People can try out the new system and provide feedback at the ELD's roadshows this weekend and on Sept 9 and 10, to be held at 11 community centres in total. ELD will also gather feedback from voters and election officials during the election.
The majority of the feedback left by visitors at the Tiong Bahru roadshow on Saturday was that e-registration was fast and convenient.
Tiong Bahru resident Lucy Lye, 62, said it was easy to use and seemed faster than the manual method of registration.
"Last time I had to wait about half an hour to vote. I tried to go early to beat the queue but many people were there too," said the retiree.
Freelance events coordinator Alvin Phay, 30, said his previous voting experience was quite quick, but added that e-registration was a timely move as "things are going digital now".
With the electronic system, election officials will no longer have to manually search for and strike off names of voters on printed copies of the polling station register. But they must still check the voter's identity against his or her identity card.
The rest of the process, such as verbal verification with the polling agents representing candidates, remains the same.
If a voter who has been registered before tries to register again, the system will raise an alert.

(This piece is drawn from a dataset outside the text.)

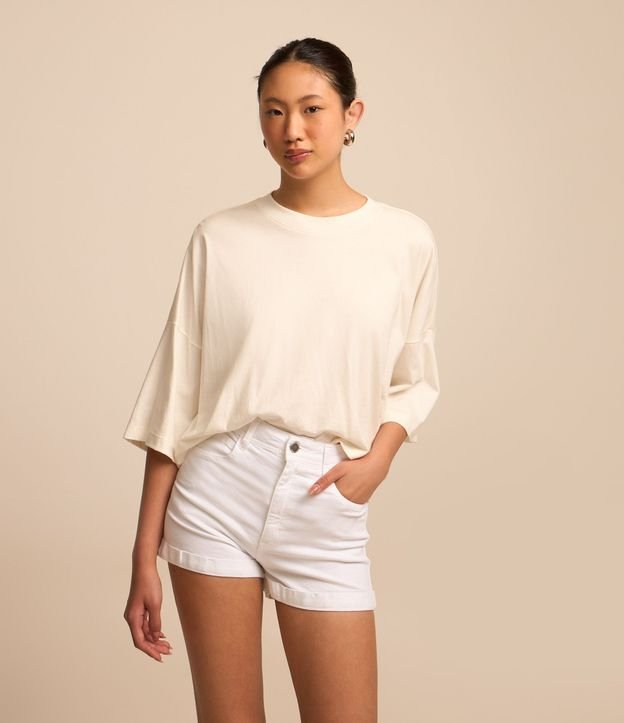 Short en Sarga con Cintura Alta y Bajo Plegado 2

The ELD said the new system will halve the number of election officials needed to record attendance, compared to the pen-and-paper system.
Three people have said they intend to contest the presidency next month, in the election reserved for Malay candidates - former Speaker of Parliament Halimah Yacob, and businessmen Farid Khan and Salleh Marican. Voters will go to the polls if more than one of them qualifies to run.